> **Task description**: What is needed is an exact copy of the lines from the line holding "alter Braun Paximat" through the end of the material, with no other lines and no pictures.
───── Source data
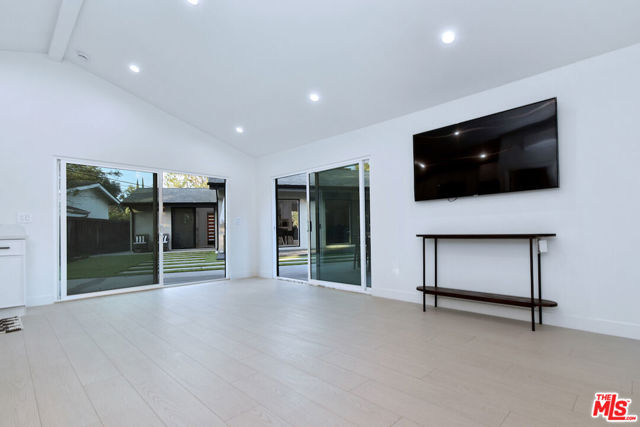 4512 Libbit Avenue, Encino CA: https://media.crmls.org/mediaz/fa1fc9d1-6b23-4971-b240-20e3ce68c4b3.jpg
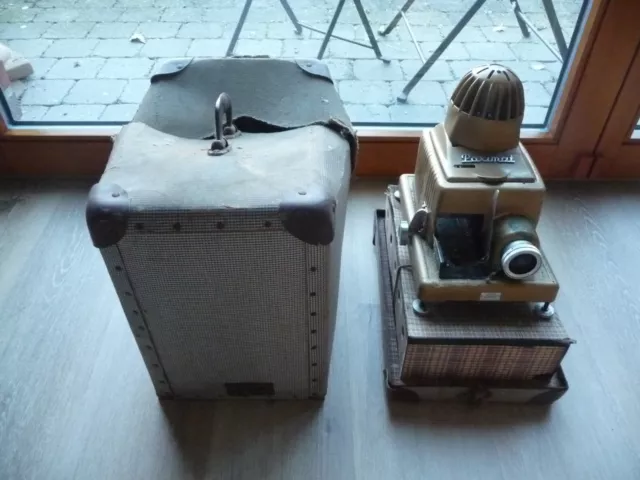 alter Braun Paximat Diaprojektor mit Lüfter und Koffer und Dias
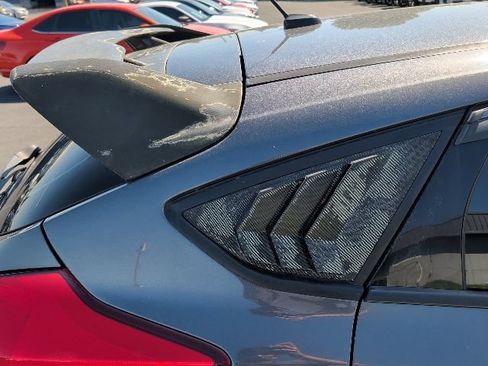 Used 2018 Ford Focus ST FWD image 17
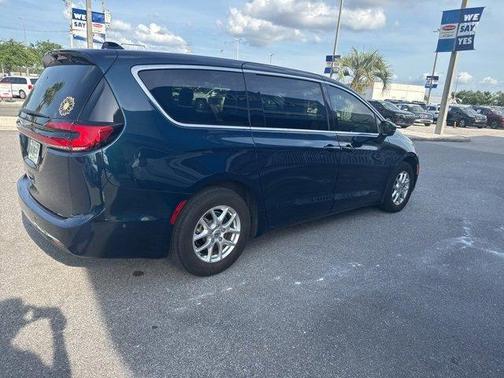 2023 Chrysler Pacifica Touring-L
──────────
> **Finished exercise**:
 alter Braun Paximat Diaprojektor mit Lüfter und Koffer und Dias
 Used 2018 Ford Focus ST FWD image 17
 2023 Chrysler Pacifica Touring-L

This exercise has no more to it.